• **Aim of the task**: Once you find the line below that has "Keine Pflicht zur", output it and every line after it exactly, stopping after the line that has "na mobil Kryty", with no pictures.

• **Material provided**:
--
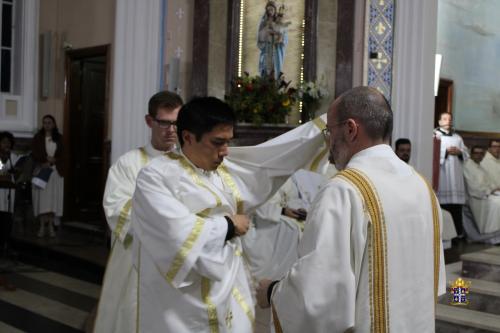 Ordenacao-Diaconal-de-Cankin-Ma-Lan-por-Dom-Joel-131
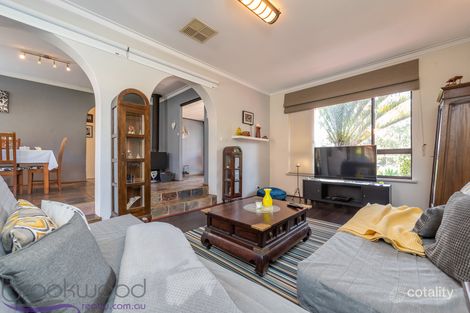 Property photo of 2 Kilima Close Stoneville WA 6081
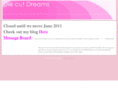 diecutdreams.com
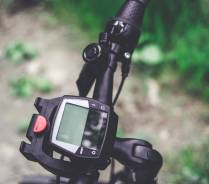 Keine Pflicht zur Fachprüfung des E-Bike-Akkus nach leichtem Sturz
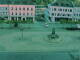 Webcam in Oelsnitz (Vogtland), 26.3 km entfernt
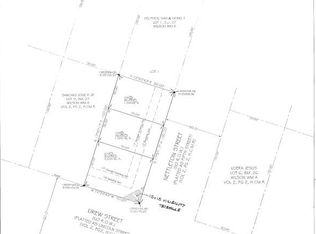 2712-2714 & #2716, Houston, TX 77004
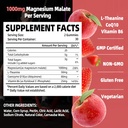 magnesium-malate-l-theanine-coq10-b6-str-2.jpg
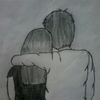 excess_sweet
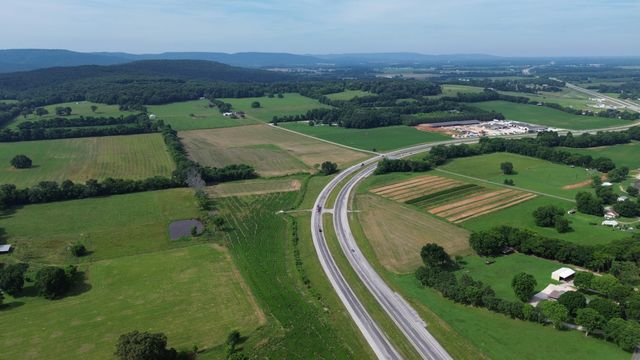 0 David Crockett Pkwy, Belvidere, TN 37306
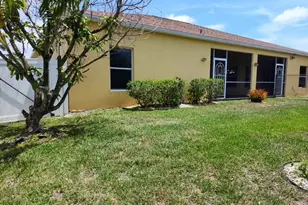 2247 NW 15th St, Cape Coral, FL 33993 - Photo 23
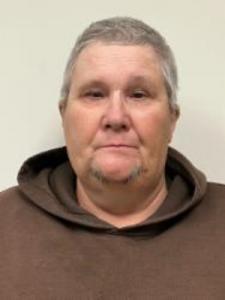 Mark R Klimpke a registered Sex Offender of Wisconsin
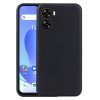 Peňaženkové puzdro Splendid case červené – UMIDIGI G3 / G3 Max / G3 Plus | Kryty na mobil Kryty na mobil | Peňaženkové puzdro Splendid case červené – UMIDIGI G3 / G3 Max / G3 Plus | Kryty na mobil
--
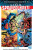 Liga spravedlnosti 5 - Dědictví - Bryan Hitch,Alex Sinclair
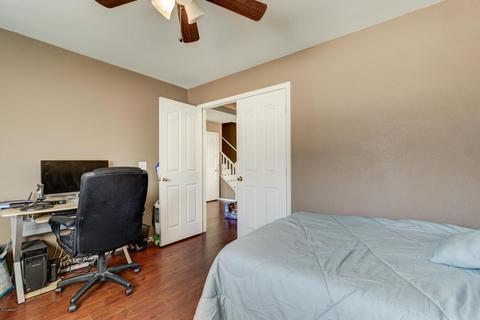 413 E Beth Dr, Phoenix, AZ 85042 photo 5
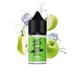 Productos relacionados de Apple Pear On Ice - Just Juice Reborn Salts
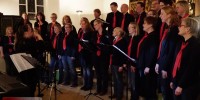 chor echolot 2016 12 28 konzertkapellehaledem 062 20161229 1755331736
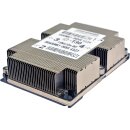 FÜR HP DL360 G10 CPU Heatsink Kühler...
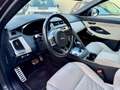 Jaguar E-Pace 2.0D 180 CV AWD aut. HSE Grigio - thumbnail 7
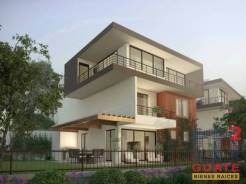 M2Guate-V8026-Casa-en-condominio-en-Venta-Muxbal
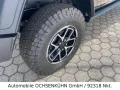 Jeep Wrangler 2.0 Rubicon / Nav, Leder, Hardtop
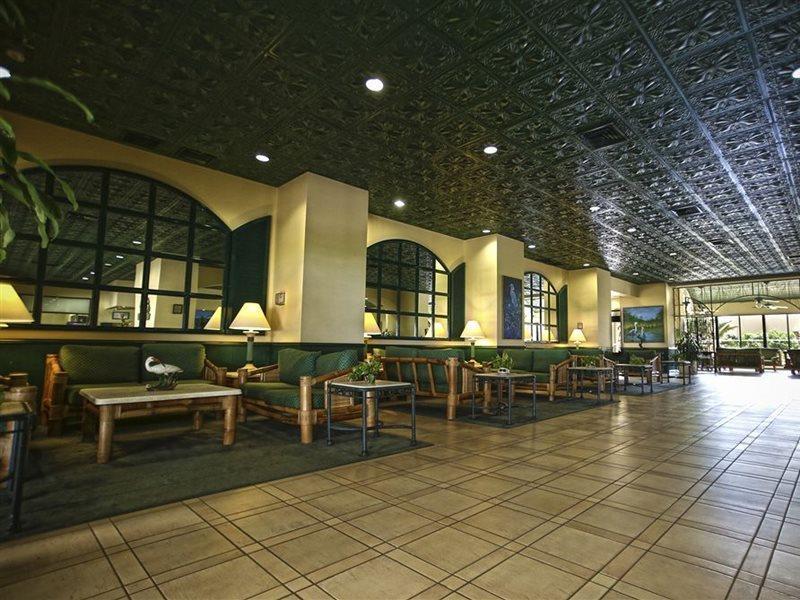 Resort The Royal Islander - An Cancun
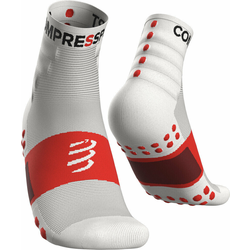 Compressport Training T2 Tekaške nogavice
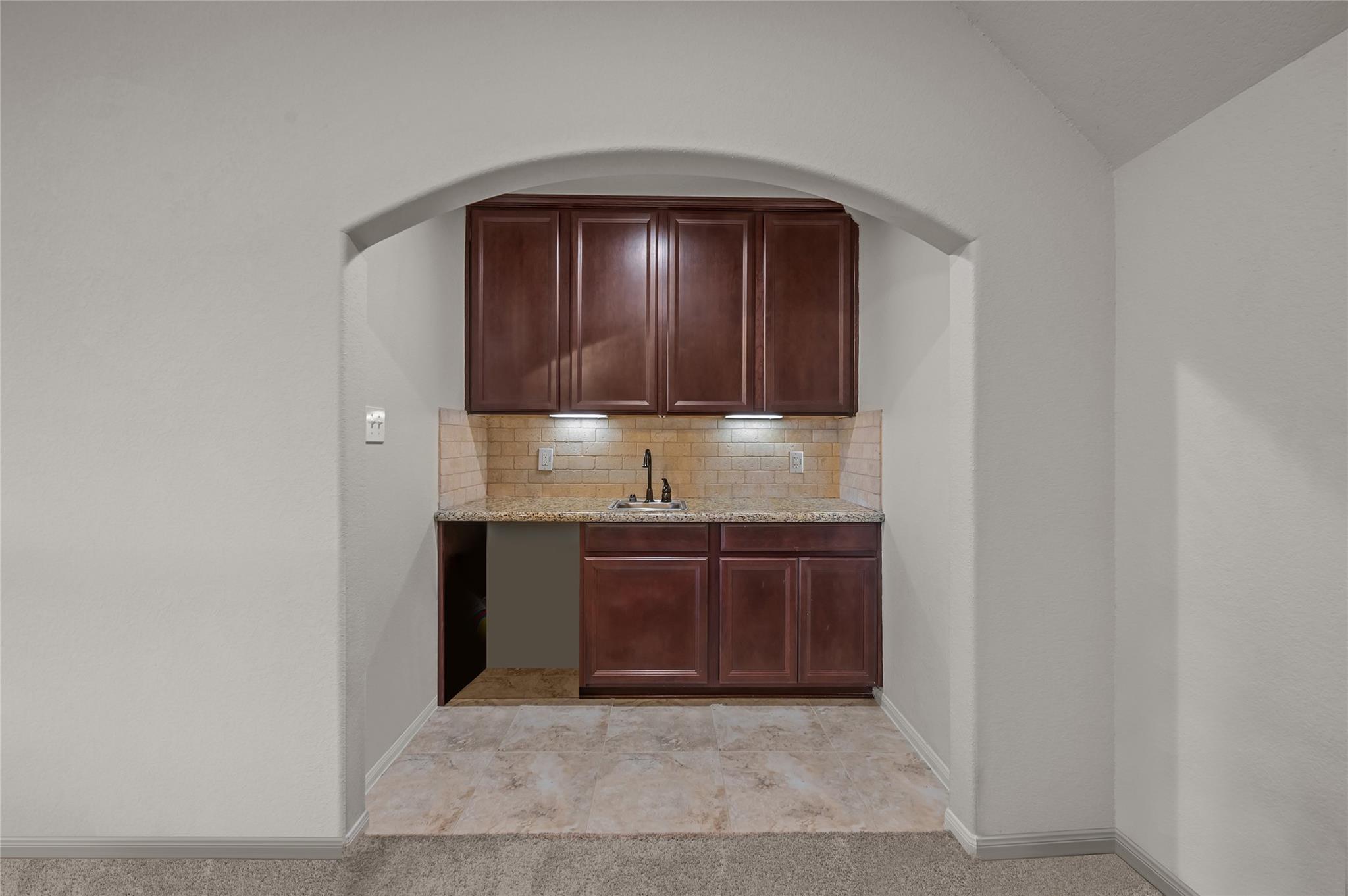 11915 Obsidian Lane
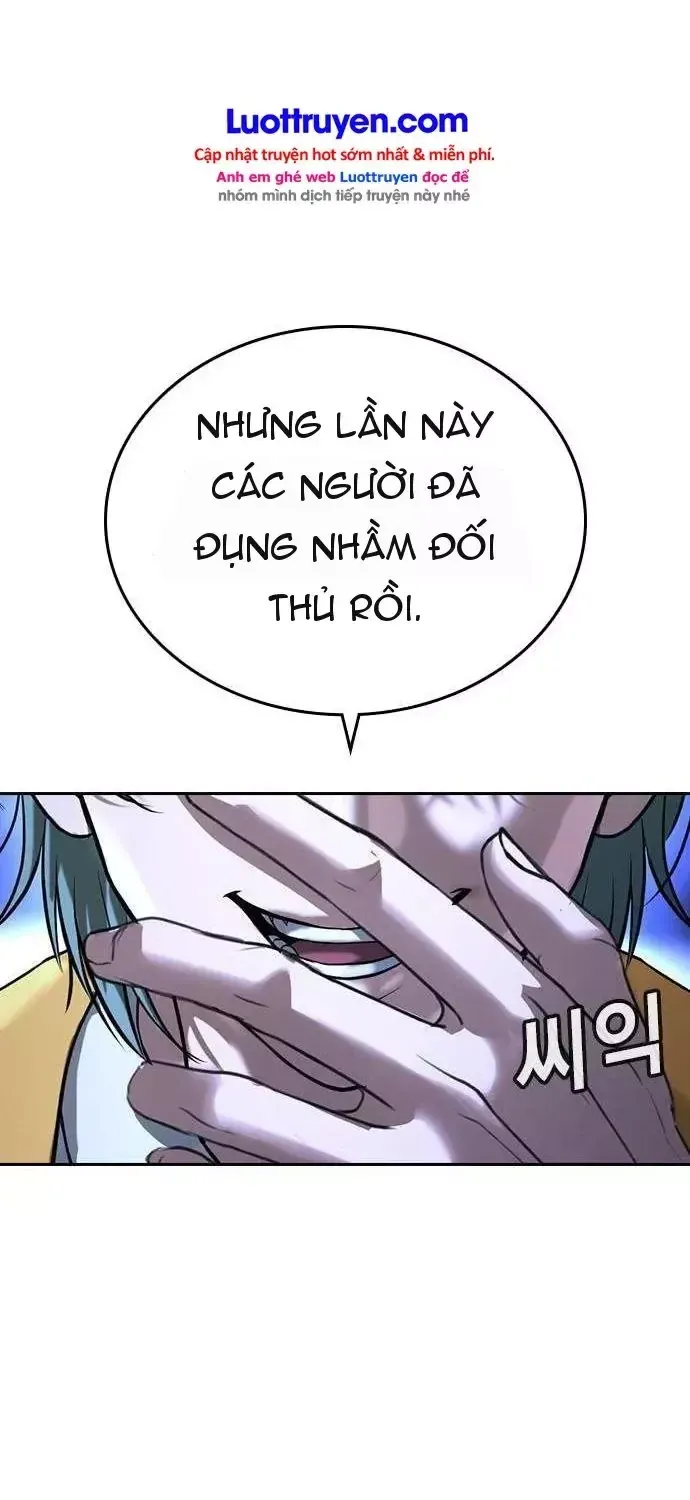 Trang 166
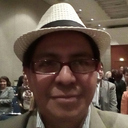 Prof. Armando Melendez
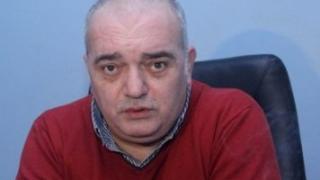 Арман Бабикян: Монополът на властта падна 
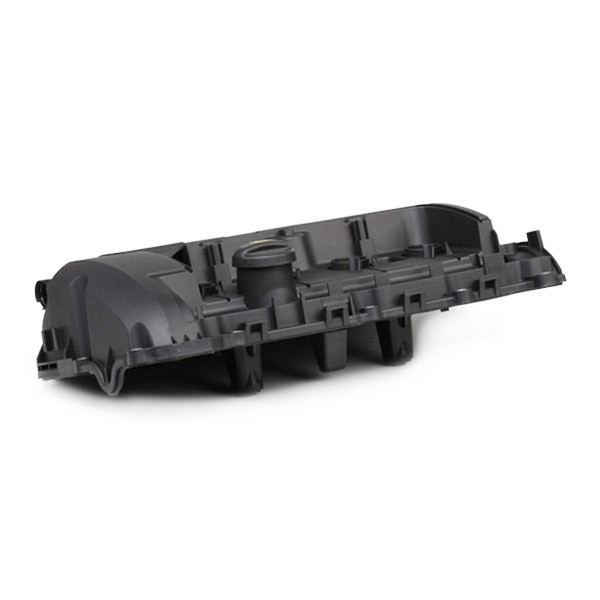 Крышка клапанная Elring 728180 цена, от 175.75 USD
--
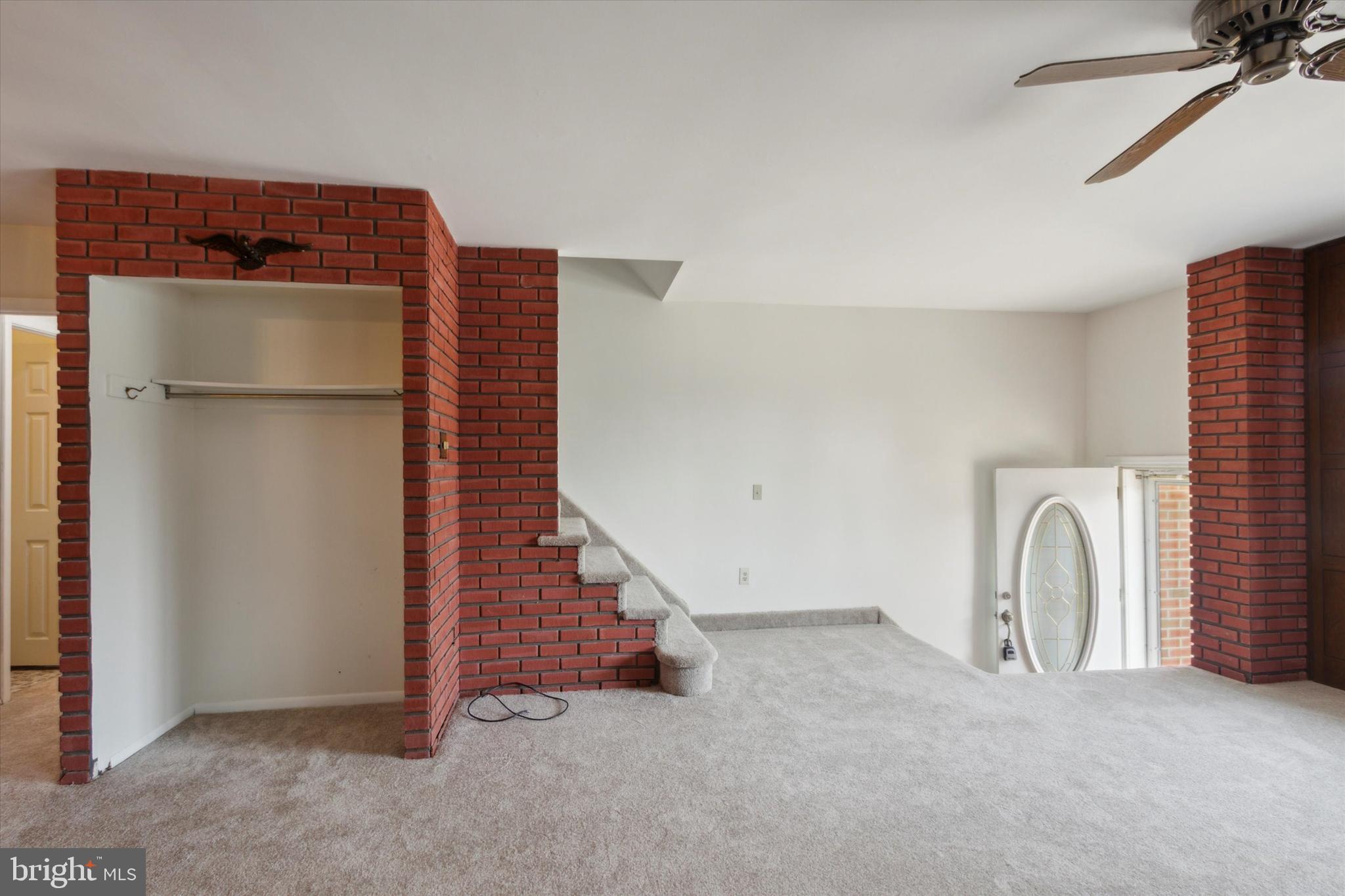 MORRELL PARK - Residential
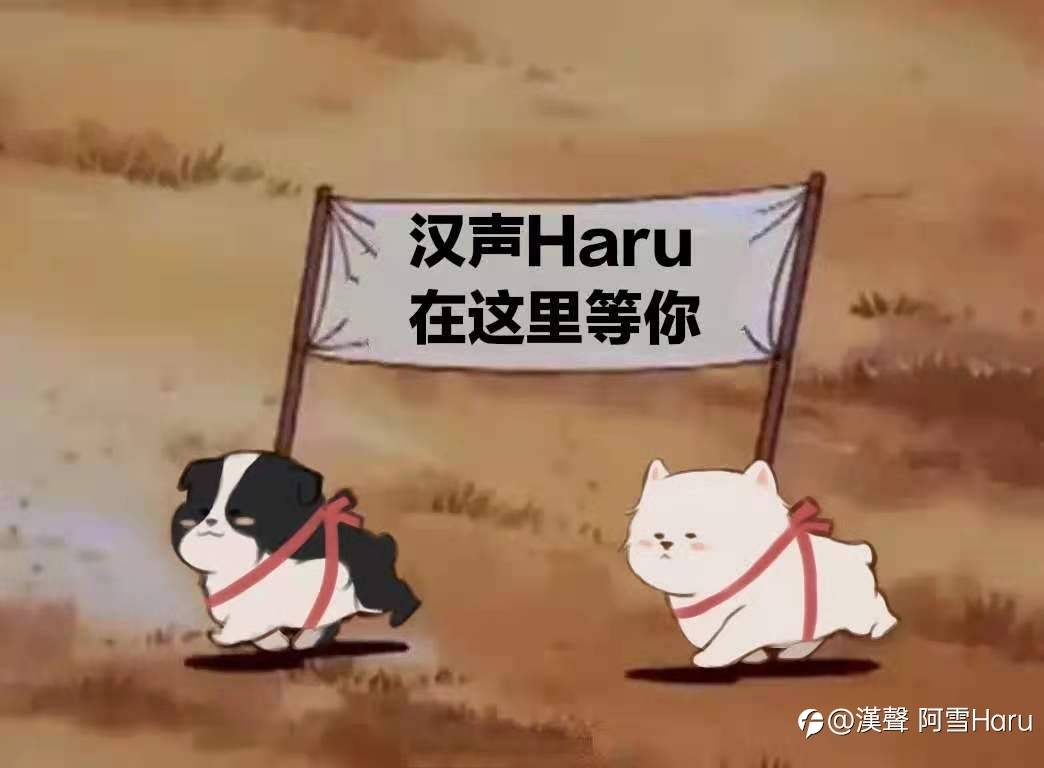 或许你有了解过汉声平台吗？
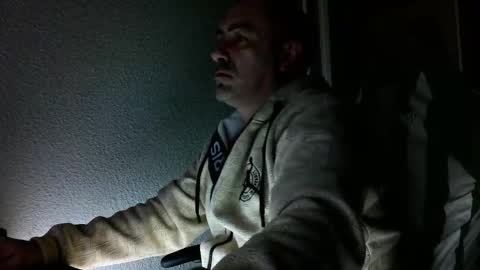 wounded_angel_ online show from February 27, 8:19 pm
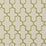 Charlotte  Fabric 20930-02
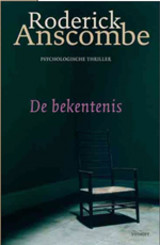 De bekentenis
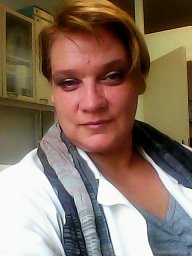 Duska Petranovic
--
• **Task response**:
 Keine Pflicht zur Fachprüfung des E-Bike-Akkus nach leichtem Sturz
 Webcam in Oelsnitz (Vogtland), 26.3 km entfernt
 2712-2714 & #2716, Houston, TX 77004
 magnesium-malate-l-theanine-coq10-b6-str-2.jpg
 excess_sweet
 0 David Crockett Pkwy, Belvidere, TN 37306
 2247 NW 15th St, Cape Coral, FL 33993 - Photo 23
 Mark R Klimpke a registered Sex Offender of Wisconsin
 Peňaženkové puzdro Splendid case červené – UMIDIGI G3 / G3 Max / G3 Plus | Kryty na mobil Kryty na mobil | Peňaženkové puzdro Splendid case červené – UMIDIGI G3 / G3 Max / G3 Plus | Kryty na mobil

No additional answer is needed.